[[ Data, beginning ]]
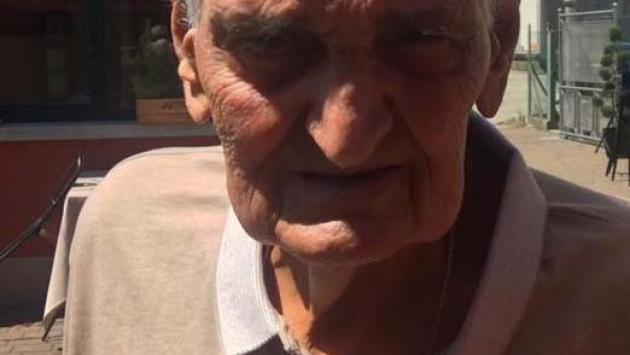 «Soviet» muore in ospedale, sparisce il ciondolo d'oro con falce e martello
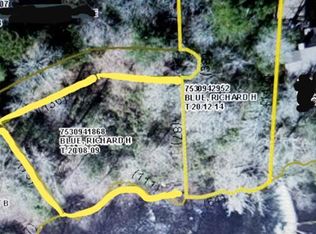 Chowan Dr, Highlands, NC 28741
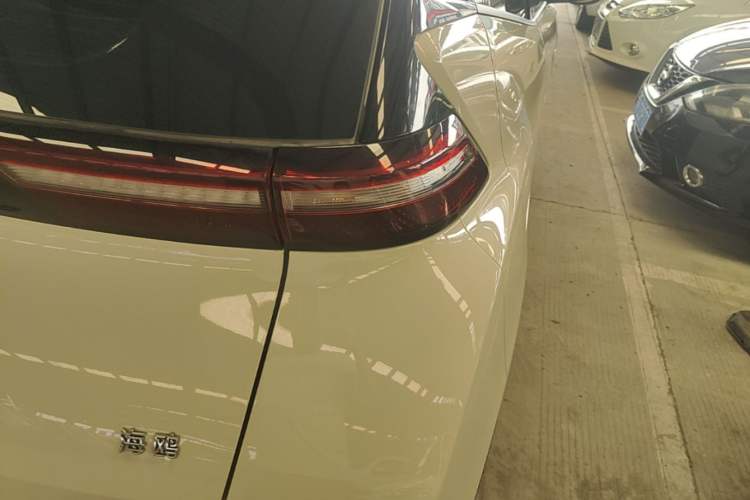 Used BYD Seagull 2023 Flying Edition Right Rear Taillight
[[ Data, end ]]
[[ Data, beginning ]]
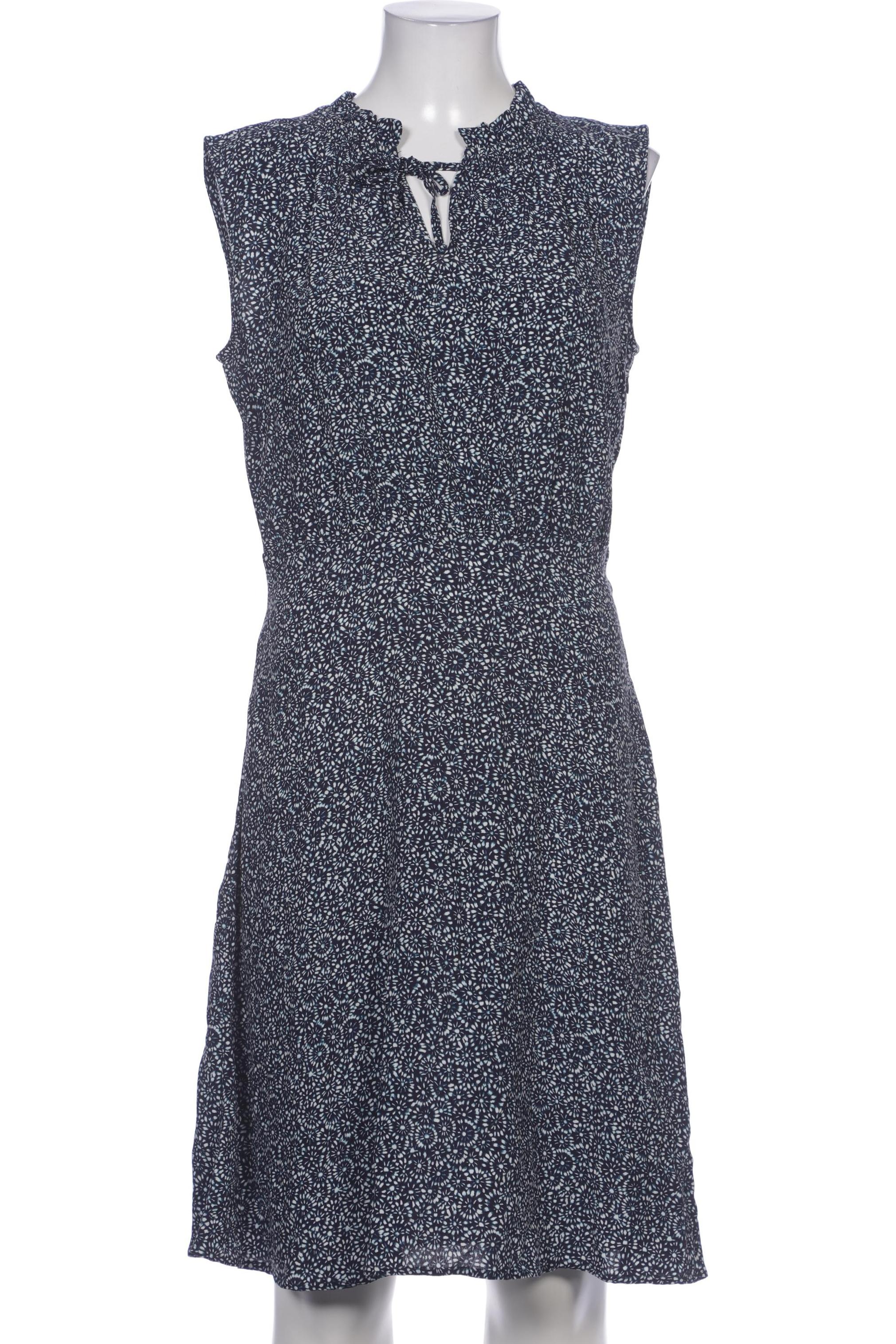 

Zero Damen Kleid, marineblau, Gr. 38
[[ Data, end ]]
Directions
Start at the line containing "falce e martello" above and stop at the line containing "Used BYD Seagull". Output those lines exactly, both included, but none of the pictures.

Result of this exercise
 «Soviet» muore in ospedale, sparisce il ciondolo d'oro con falce e martello
 Chowan Dr, Highlands, NC 28741
 Used BYD Seagull 2023 Flying Edition Right Rear Taillight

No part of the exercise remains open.